======== PROVIDED RECORDS

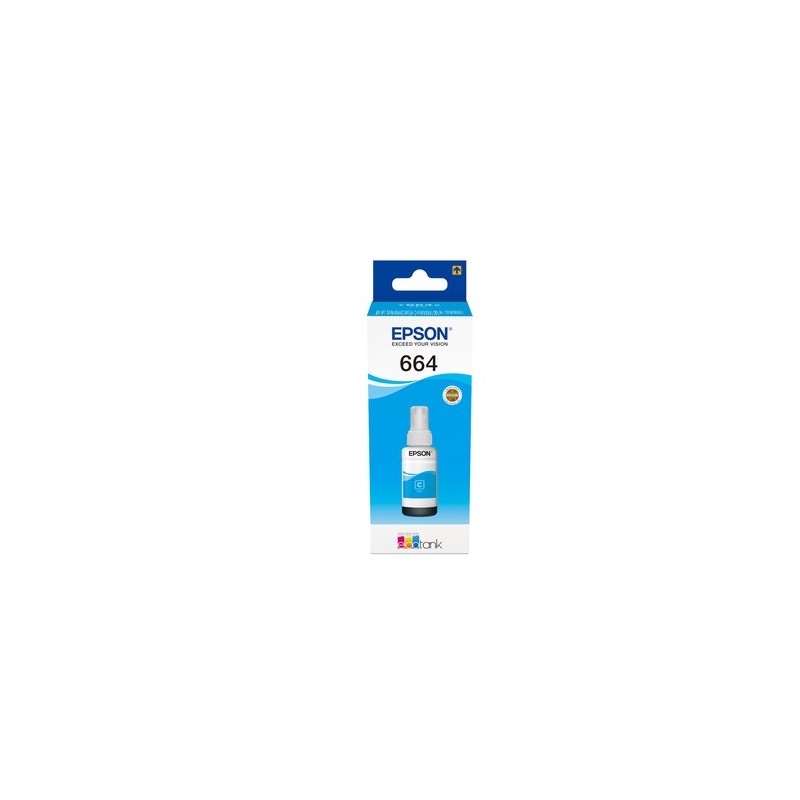 Epson 664 Ecotank Cyan ink bottle (70ml)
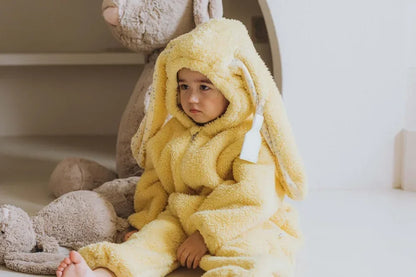Autumn Winter Baby Bunny Jumpsuit Hooded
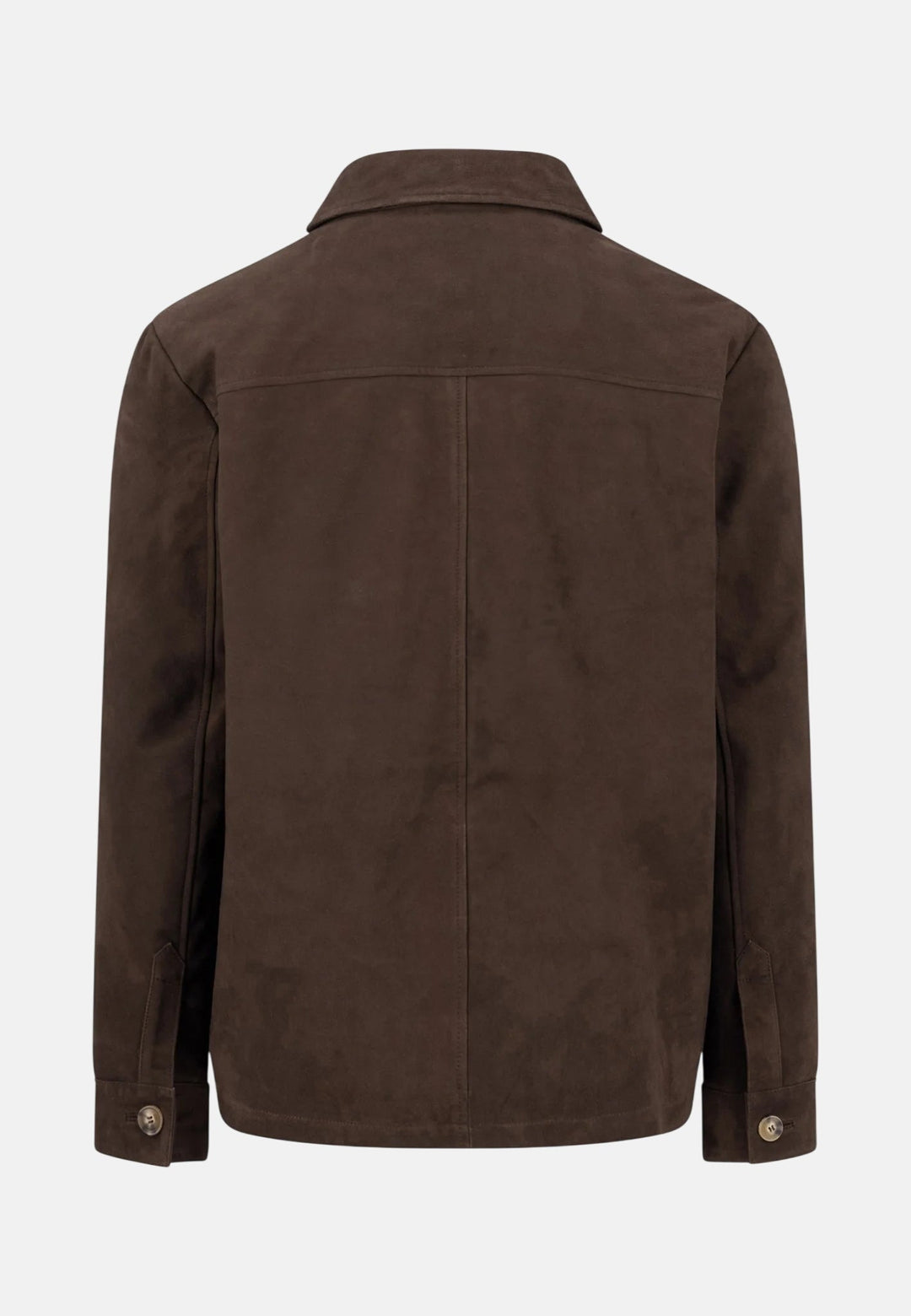 Fynch-Hatton Light Padded Suede Leather Overshirt Soil 16082205-866-M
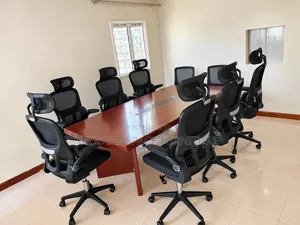 Brown Mahogany Boardroom Meeting Table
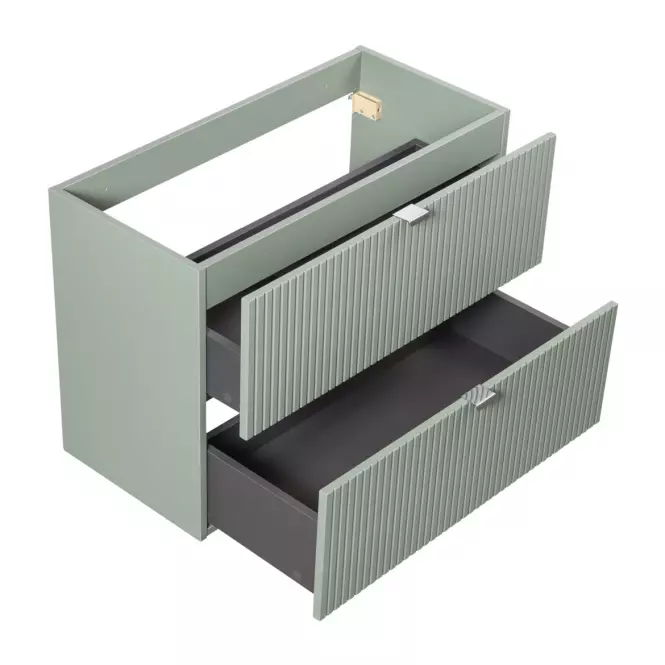 Kúpeľňová skrinka Line Reed Green 80 šalvia,3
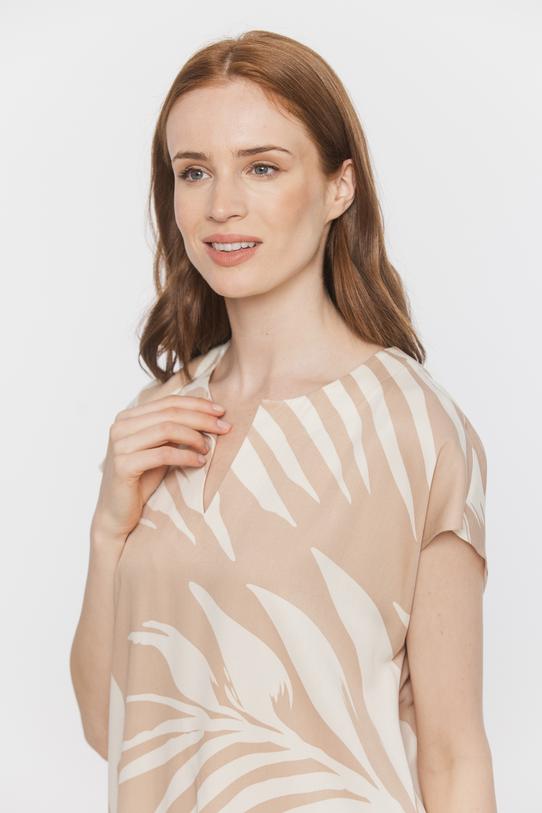 Lekka wiskozowa bluzka o pudełkowym kroju - 5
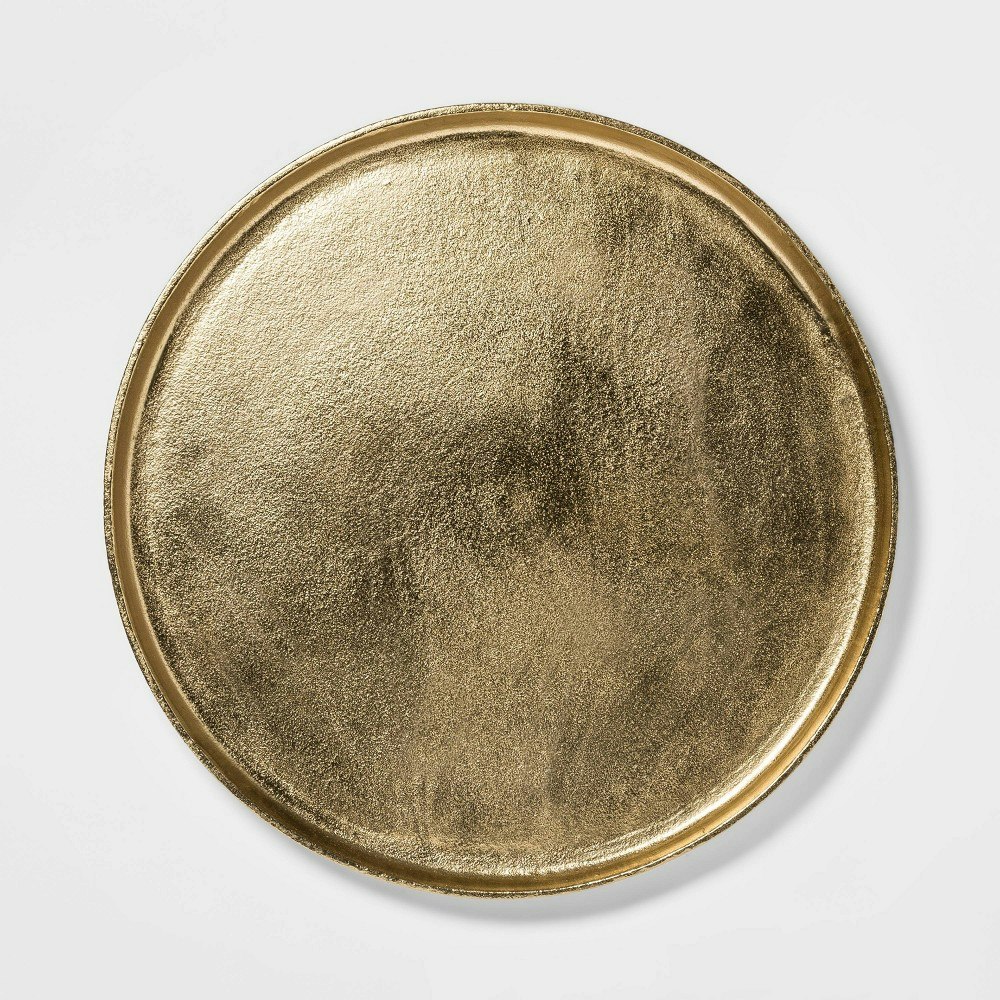 Threshold 17.6-inch Round Aluminum Tray: $35 Threshold 17.6-inch Round Aluminum Tray: $35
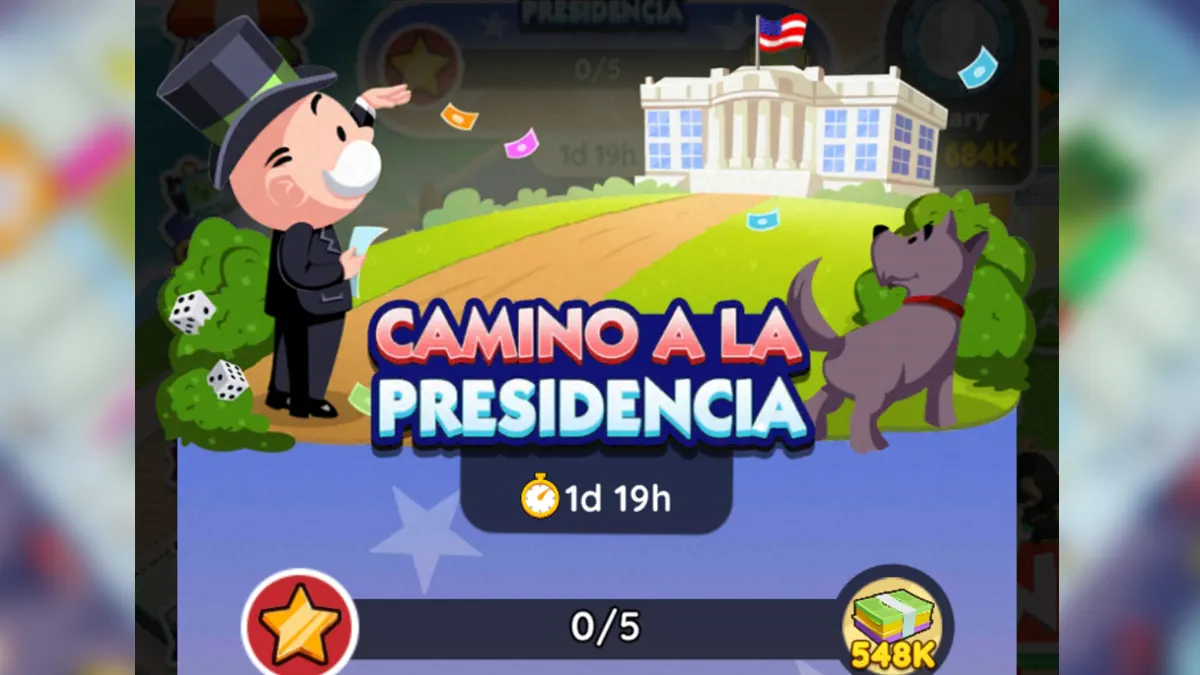 Camino a la Presidencia Monopoly GO: Metas Y Recompensas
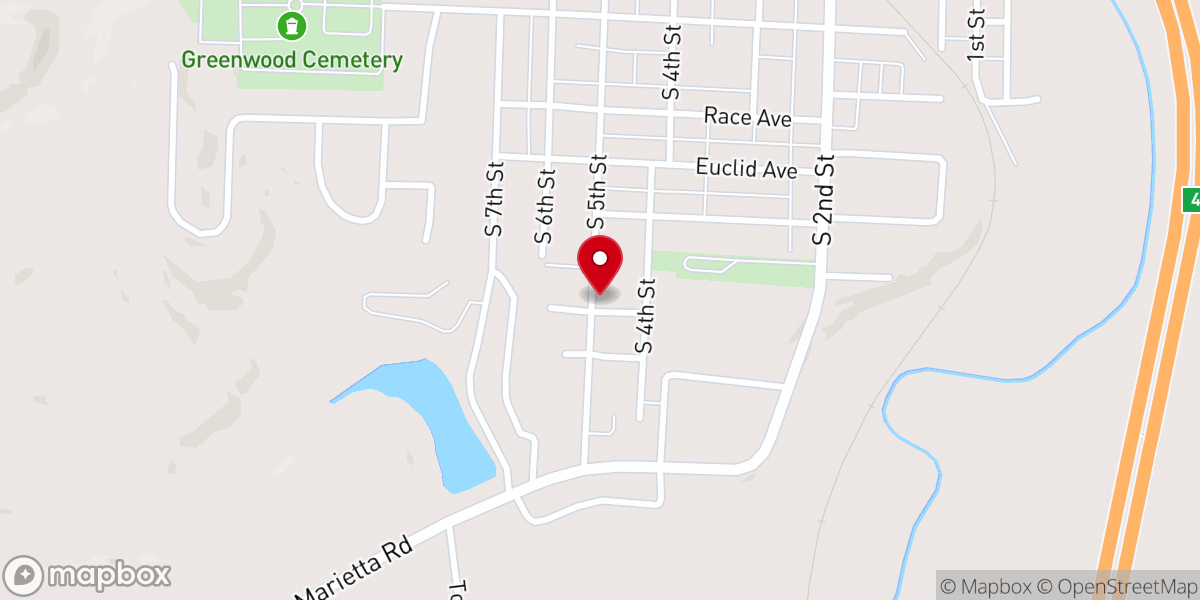 Map showing location of Christ the Saviour Orthodox Church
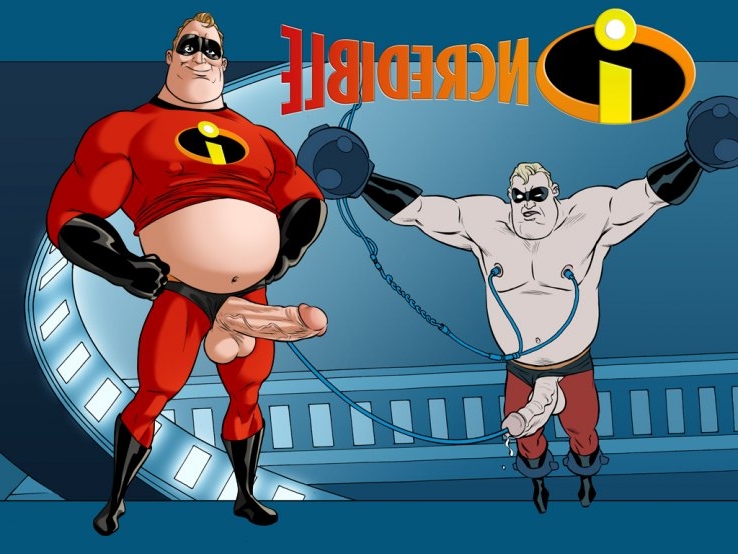 Piksar - Robert Parr Pixar The Incredibles Xxx Ass Balls Cum Disney Gay ...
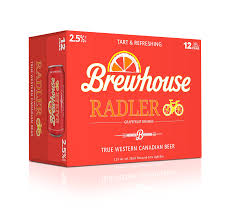 GW BREWHOUSE RADLER, 355ML 12UC CAN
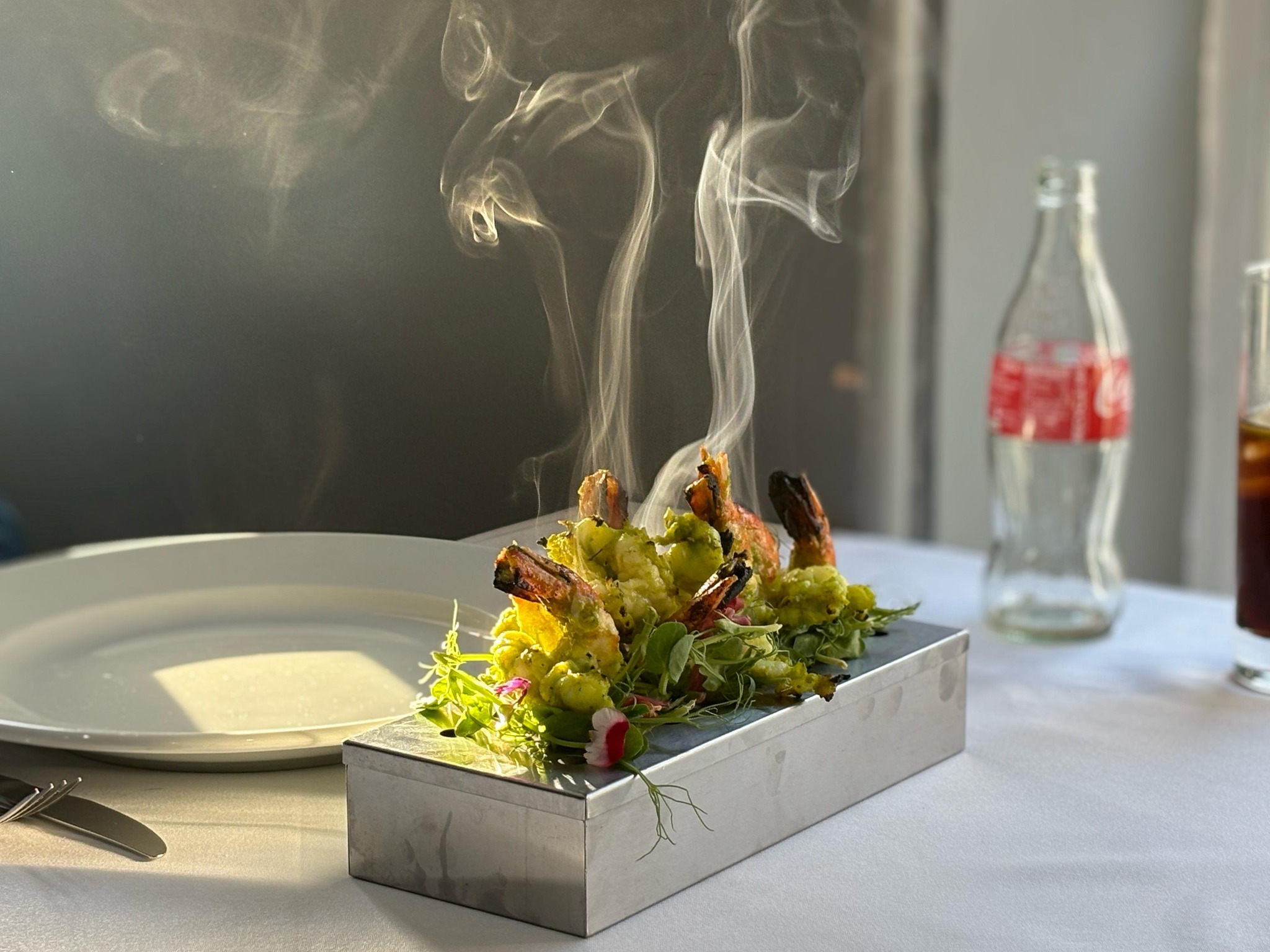 Sizzling prawns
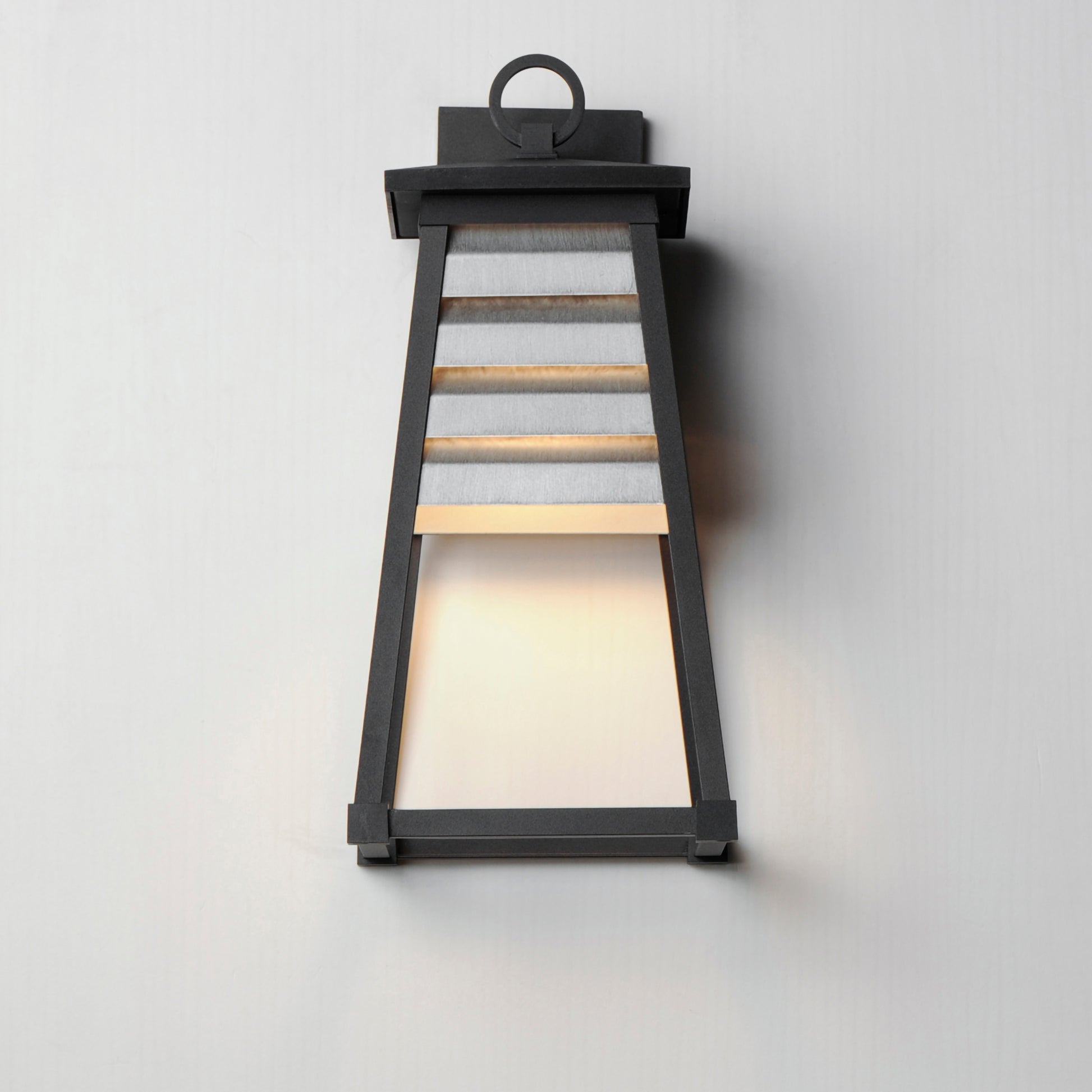 Shutters Medium Outdoor Wall Sconce Weathered Zinc/Black by Maxim Lighting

================

WHAT YOU NEED TO DO:
Leave the pictures out. Output, exactly, the lines of the material above starting at the line containing "Threshold 17.6-inch Round Aluminum Tray: $35 Threshold" and ending at the line containing "Sizzling prawns".

RESULT FOR THIS TASK:
 Threshold 17.6-inch Round Aluminum Tray: $35 Threshold 17.6-inch Round Aluminum Tray: $35
 Camino a la Presidencia Monopoly GO: Metas Y Recompensas
 Map showing location of Christ the Saviour Orthodox Church
 Piksar - Robert Parr Pixar The Incredibles Xxx Ass Balls Cum Disney Gay ...
 GW BREWHOUSE RADLER, 355ML 12UC CAN
 Sizzling prawns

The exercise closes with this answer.